Wright & Lopez argues on review that in order to show a violation of section 1926.652(e) the Secretary must prove not only that vibrations were present, but also that the vibrations created an additional danger of collapse. If the mere presence of vibrations requires additional shoring and bracing, Wright & Lopez argues that it does not know how "one [can] correct or add to shoring to offset vibrations which have no effect on trench walls." Wright & Lopez relies on the judge's finding that the vibrations were "slight enough to be insignificant" and argues that section 1926.652(e) was not violated because the Secretary failed to show that the vibrations created an additional [*13] danger of collapse.
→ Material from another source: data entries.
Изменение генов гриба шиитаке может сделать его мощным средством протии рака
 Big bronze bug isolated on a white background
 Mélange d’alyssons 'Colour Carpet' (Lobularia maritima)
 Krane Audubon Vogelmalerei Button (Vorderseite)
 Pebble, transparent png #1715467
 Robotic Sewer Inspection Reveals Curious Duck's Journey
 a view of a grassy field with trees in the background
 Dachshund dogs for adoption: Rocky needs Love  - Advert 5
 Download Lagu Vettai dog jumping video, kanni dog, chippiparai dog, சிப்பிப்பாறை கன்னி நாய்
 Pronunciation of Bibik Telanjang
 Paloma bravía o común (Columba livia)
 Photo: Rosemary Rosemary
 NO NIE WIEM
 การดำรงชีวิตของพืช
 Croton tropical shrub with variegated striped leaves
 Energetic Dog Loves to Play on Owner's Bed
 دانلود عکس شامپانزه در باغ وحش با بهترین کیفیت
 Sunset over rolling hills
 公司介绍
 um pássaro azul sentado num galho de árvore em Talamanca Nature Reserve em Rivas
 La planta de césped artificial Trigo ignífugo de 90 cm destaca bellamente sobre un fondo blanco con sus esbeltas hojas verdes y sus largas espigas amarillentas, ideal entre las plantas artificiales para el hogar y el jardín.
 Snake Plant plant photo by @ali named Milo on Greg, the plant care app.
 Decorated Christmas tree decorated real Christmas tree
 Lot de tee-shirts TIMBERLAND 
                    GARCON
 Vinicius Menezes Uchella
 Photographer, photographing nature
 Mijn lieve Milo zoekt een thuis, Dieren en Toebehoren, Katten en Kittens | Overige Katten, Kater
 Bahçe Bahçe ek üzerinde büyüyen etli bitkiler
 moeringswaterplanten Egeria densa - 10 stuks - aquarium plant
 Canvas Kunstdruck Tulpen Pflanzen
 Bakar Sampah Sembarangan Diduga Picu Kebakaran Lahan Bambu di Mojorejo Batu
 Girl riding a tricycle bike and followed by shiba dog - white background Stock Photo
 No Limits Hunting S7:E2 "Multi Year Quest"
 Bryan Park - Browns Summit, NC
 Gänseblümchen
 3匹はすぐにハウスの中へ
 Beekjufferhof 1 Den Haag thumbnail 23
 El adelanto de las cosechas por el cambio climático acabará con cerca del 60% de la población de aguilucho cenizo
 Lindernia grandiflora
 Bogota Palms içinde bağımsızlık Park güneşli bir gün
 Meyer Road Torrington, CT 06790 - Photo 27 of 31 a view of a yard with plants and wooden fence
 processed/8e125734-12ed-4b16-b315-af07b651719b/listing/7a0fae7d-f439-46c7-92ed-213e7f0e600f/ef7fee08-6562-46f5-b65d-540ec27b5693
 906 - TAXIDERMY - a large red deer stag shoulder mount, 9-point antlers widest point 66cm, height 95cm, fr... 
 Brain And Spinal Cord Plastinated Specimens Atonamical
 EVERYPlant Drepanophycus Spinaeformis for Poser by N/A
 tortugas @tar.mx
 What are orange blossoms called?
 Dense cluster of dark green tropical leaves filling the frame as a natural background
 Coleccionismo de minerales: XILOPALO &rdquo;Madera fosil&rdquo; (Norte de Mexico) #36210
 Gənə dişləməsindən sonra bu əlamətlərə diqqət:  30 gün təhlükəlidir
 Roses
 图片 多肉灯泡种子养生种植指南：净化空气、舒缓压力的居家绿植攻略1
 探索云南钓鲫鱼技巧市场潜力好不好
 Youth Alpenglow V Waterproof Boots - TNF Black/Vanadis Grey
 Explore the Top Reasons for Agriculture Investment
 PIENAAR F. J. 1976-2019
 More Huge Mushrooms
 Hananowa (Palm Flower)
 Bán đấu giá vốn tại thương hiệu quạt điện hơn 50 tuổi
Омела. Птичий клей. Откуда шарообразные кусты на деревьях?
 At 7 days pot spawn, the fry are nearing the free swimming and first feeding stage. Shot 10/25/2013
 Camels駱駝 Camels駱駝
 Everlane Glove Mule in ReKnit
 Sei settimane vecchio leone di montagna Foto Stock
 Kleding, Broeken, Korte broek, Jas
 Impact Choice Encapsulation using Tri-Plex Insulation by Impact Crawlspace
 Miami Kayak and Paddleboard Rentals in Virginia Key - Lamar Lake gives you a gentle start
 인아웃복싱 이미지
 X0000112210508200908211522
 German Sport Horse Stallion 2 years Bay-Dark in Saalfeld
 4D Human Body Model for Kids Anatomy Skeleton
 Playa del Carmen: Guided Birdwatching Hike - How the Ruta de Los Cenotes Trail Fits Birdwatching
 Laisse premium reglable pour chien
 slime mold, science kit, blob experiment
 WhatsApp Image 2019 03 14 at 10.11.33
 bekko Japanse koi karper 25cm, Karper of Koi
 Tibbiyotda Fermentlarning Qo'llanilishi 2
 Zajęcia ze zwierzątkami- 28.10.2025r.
The Secretary agrees with the judge's interpretation and application of Boh Brothers.

The judge correctly interpreted and applied Boh Brothers. The plain words of the standard require additional precautions when an excavation is "subjected to vibrations." They do not require the Secretary to show that the vibrations created an additional danger of collapse, for the standard already makes the judgment that vibrations have that effect. Thus, while the extent of the additional precautions depends upon the amount of vibration, the standard does not permit the employer to do nothing. Here, the compliance officer testified that he felt vibrations when he stood by the trench, and Wright & Lopez took no additional precautions. This is sufficient evidence to support the judge's finding of a violation of section 1926.652(e).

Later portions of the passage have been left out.